# Anchor help



## huckfinn38 (Jun 13, 2006)

I started using an anchor this week and wanted to figure out a better way than just caribeaners (spelling?) to rig it. I want to install a locking type pulley near where I sit so I can pull the anchor and it will lock in place. Then to drop the anchor all I would have to do is press the release button on the pulley. I would probably add a cleat behind the pulley to enforce more. Any suggestions?
Thanks
Jeb


----------



## narfpoit (Jun 16, 2004)

Here is what I use. 
http://kayakfishingstuff.com/Mercha...=PROD&Product_Code=ClamCleat&Category_Code=kr

It basically just holds your anchor line and all you have to do to release it is lift the rope out of the slot. To get it to hold again you just put it back in the slot and put a little pressure on it. the harder you pull against it the harder it wedges in and holds. You can use this in combination with and anchor trolley and you are set for anything.


----------



## kq6 (Dec 16, 2003)

do a search on sailing
hardware/rigging. 

ken c


----------



## ghrousseau (Aug 31, 2007)

Jebson:

The anchor trolley system developed because it is simple and it works. Having the pully on the bow and stern attached with a loop of bungee gives you some stretch and give that is needed in high current. Having a cleat in the cockpit area to tie the line off is good. If you want a quick release type then juse a cam cleat from a marine store. The plastic pulleys and locking gizmos will just end up getting you a turtle sticker.


----------



## seeknfin (Dec 28, 2006)

ghrousseau said:


> Jebson:
> 
> If you want a quick release type then juse a cam cleat from a marine store. The plastic pulleys and locking gizmos will just end up getting you a turtle sticker.

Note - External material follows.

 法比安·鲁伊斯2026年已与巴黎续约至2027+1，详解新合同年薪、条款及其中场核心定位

Been there done that......


----------



## J_Lannon (Jul 23, 2003)

Keep your anchor system as simple as possible The fewer moving parts.........the better.

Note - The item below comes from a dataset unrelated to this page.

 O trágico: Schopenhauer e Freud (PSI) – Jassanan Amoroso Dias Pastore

I have switched to mushroom anchors. I have only been snagged once, and thats because is was tossing it into the rocks anchoring for Togs.


----------



## huckfinn38 (Jun 13, 2006)

*Mushroom Anchor*

That is what I use. It will roll around on a hard bottom when the wind is howling. But sure is easy to pull off the bottom.


----------



## J_Lannon (Jul 23, 2003)

Jebson38 said:


> That is what I use. It will roll around on a hard bottom when the wind is howling. But sure is easy to pull off the bottom.



I have a 3lb. and a 8lb. I use the 8 pounder for the rough stuff and slick bottoms.


----------